The Germans wanted Silver to prepare a landing place in the tribal areas where a small number of parachutists could be dropped by night. They also wanted military information about British strength in India, an intensified year-round programme of sabotaging railway lines and other communications and to know of India’s reaction to Rommel’s expected capture of Egypt. As Berlin asked the questions, Silver passed them over to the Russians, always on the same day. It was an extraordinary situation. Through the late summer of 1942, while the battle for Stalingrad raged, in Kabul Silver trotted back and forth between the Germans, whose money he took, and the Russians, whose Communist beliefs inspired him.

It was also on this trip that plans to create the British part of Silver’s spy ring were finalised. Both the British and the Russians wanted to contact each other for different reasons. The British had learnt that Bose was planning to come back east to be part of the Japanese push into India and wanted to make sure that, should he travel via Moscow posing, perhaps, as a Japanese diplomat, the Russians would detain him. But before they could approach the Russians, Moscow contacted London. The Russians, according to an IPI note of August 29th, 1942, ‘have themselves come forward asking us to collaborate in “running” various Indian sources of information in Kabul which apparently they had been doing for some time until they found that we had either arrested them or otherwise put them out of action’.

At this stage the British did not know of Silver but the arrests had made them aware of the ‘Bose conspiracy’, that is of Nazis paying vast sums of money for fictitious intelligence. In an IPI note to the head of the ISI department, whose real name, ironically, was Silver, an official commented:

The world at large, perhaps more than the Nazis themselves, should be interested to know that large sums of Nazi money had been paid to further the grandiose schemes of Subhas Bose, which turned out to be nothing more than paper schemes drafted by Indian communists with their tongues in their cheeks who saw an easy way to make money.

By August 1942, IPI estimated the Axis had paid Silver a total of £8,700.

As it happened, Silver himself wanted British help. In the summer of 1942 he told the Russians that he needed assistance in concocting the military information the Germans wanted: precise details of the location and strength of troops. Neither he nor his writer Sainsra could provide that. Would the Russians, he asked, get in touch with the British and provide him with the required information?

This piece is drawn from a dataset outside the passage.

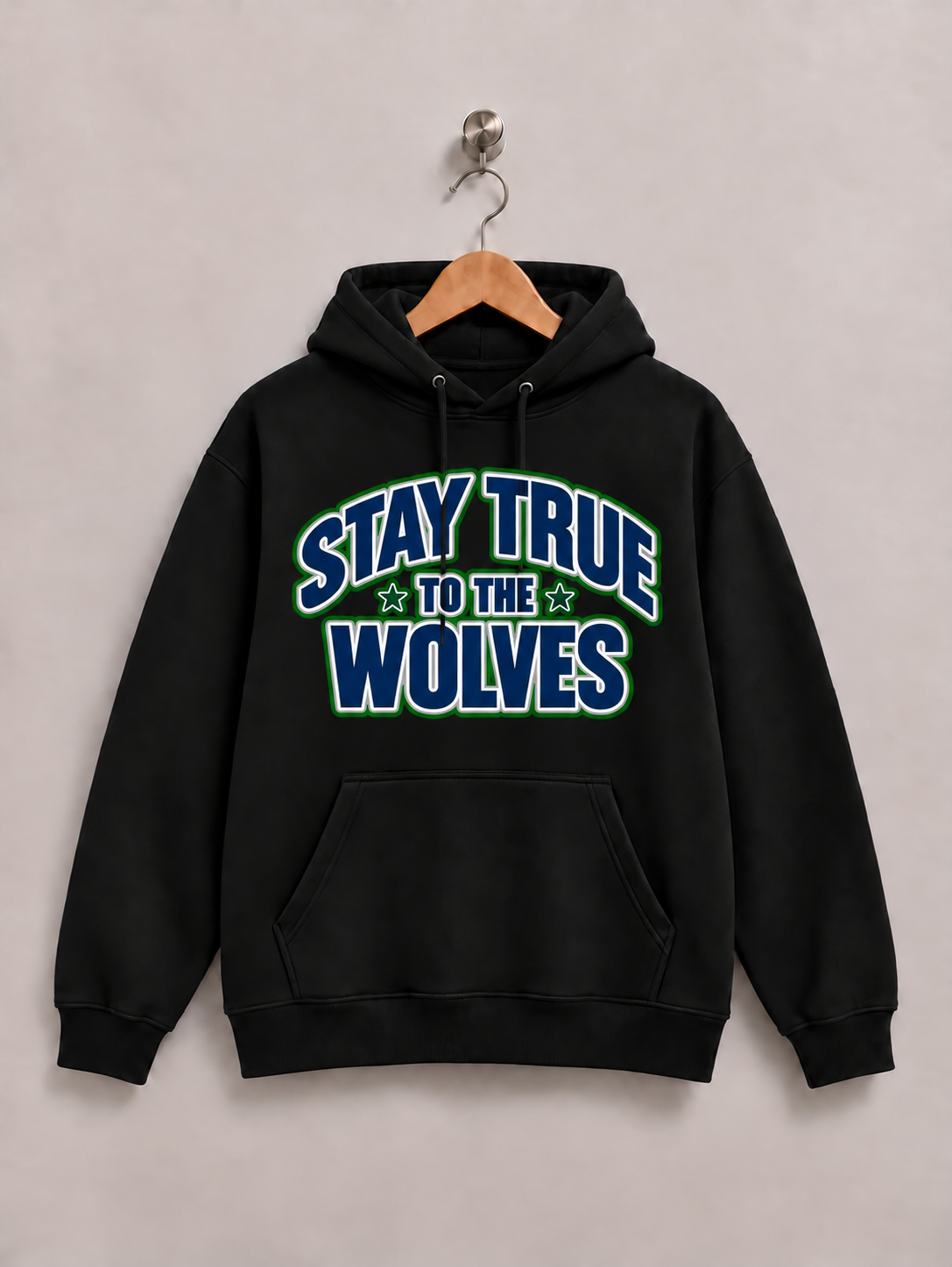 Stay True To The Wolves- Black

But the Russians wanted Silver to be controlled by them from Moscow. He would brief the Russians in Kabul and then the Russians would brief the British in Moscow. This was unusual but the British agreed and by October 1942 the arrangements were in place. The Russians told Silver that, if arrested, he must demand to be taken to a British officer and not reveal anything to his fellow Indians working for the British. He should also insist that his arrest be kept secret.

On November 29th he and Sainsra were concocting another of their reports when the Indian CID raided Sainsra’s house and arrested Silver. He followed the script of the Russians to the letter. The arrests were made by the Raj’s Indian policemen. Silver refused to tell them anything and demanded he be taken to the British officer in overall charge. He was taken to Lahore Fort where he made a detailed statement, revealed the two German codes he carried and the money the Germans had paid him. He told the British he was prepared to carry on what he was doing. He also denounced Bose ‘as a traitor to his cause’ and assured the British that he was ‘absolutely confident the Axis in Kabul have no other Indian agent working for them in India and no independent means from Kabul of checking up on his completely non-existent contacts with “Bose’s organisation” in India’.

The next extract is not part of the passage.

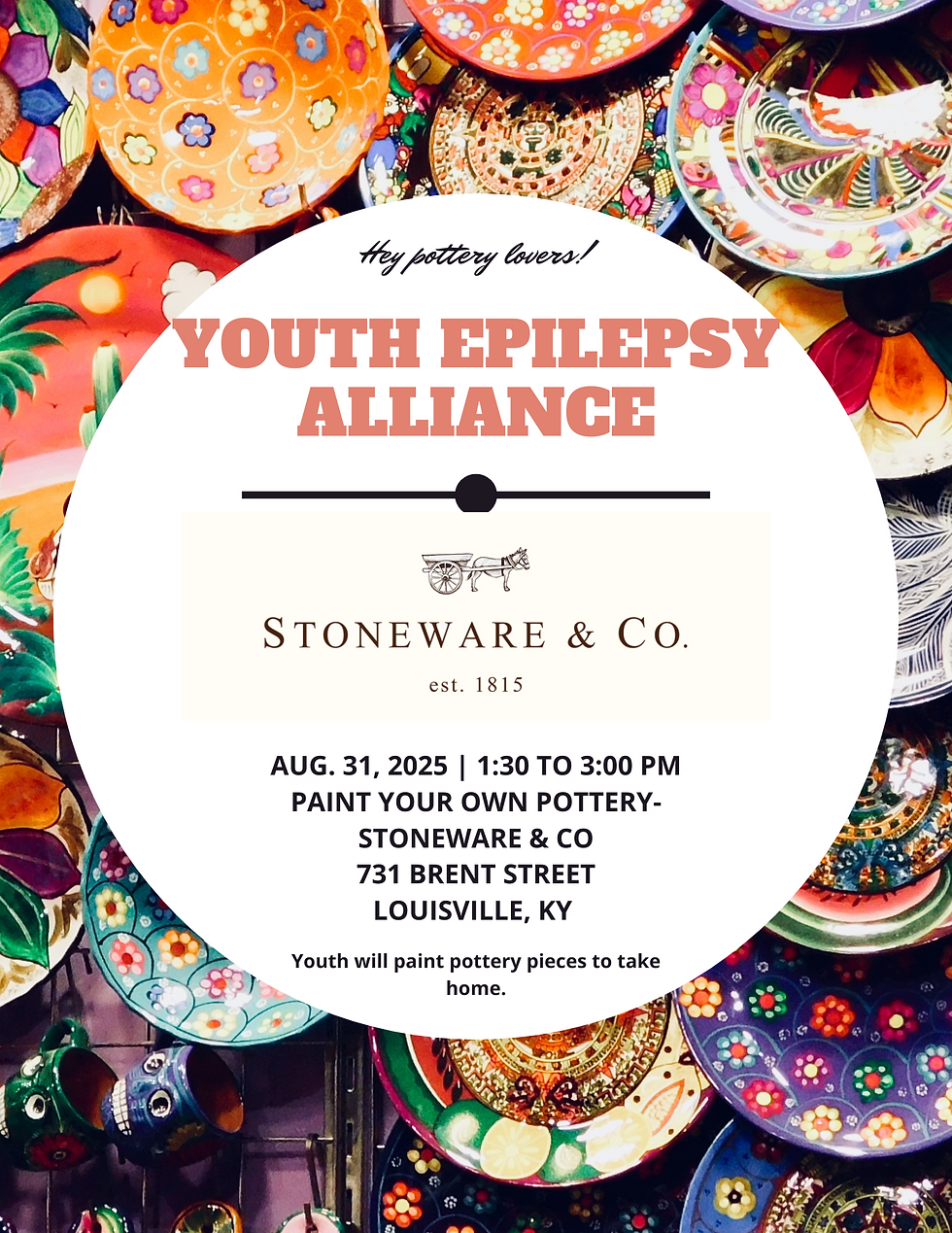 YEA! Youth Epilepsy Alliance August Event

On his return to Kabul, Silver did tell Rasmuss about his arrest but even the IPI was to describe this disclosure as an ‘unreal version’. This time the fictitious report he gave Rasmuss came from Fleming’s D Division, which also monitored the radio traffic that went out from Kabul to Berlin and Tokyo and thus could check how much of their own material was reaching enemy headquarters. Fleming was so successful in making Silver plausible that the Germans gave the spy a powerful radio set to transmit directly to the headquarters of the Abwehr (German military intelligence) in Berlin.

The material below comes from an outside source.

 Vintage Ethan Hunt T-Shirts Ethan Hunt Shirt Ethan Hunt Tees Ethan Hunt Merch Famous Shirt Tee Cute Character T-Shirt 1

It was while Silver was in his pomp that through Ultra – the machine which had broken the German codes – the British learnt of Bose’s travel plans in a German submarine. In the end they decided not to pick him up, probably because they did not want to jeopardise American plans to assassinate Admiral Yamamoto, the Japanese naval commander who had masterminded Pearl Harbor. Through Magic, the American equivalent of Ultra, the Americans knew where Yamamoto was flying to. Roosevelt had personally approved the assassination and seizing Bose might have revealed the secret of Ultra or Magic, or both, to the Axis. In terms of winning the Pacific war, Yamamoto was a much higher priority than Bose.

Bose’s arrival in the East did not unmask Silver, who carried on spying until the end of the war. In 1976, when he wrote his autobiography, aware Bose was now a hero of India’s freedom struggle, Silver decided he could not tell the truth. He wrote of Quaroni and Rasmuss but there was no mention of the Russians, Fleming nor of his nickname, Silver. This most remarkable spy carried that secret to his grave.

Mihir Bose is the author of Raj, Secrets, Revolution: A Life of Subhas Chandra Bose (Quartet, 1987). He is working on a study of Silver.

Further reading

* Bhagat Ram Talwar, The Talwars of Pathan Land and Subhas Chandra’s Great Escape (People’s Publishing House, 1976)

* Sarat and Subhas Chandra Bose, Brothers Against the Raj: A Biography of Indian Nationalists (Columbia University Press, 1990)

* Duff Hart-Davis, Peter Fleming: A Biography (Oxford University Press, 1987)

* Milan Hauner, India Axis Strategy: Germany, Japan and Indian Nationalists (Klett-Cotta, 1981)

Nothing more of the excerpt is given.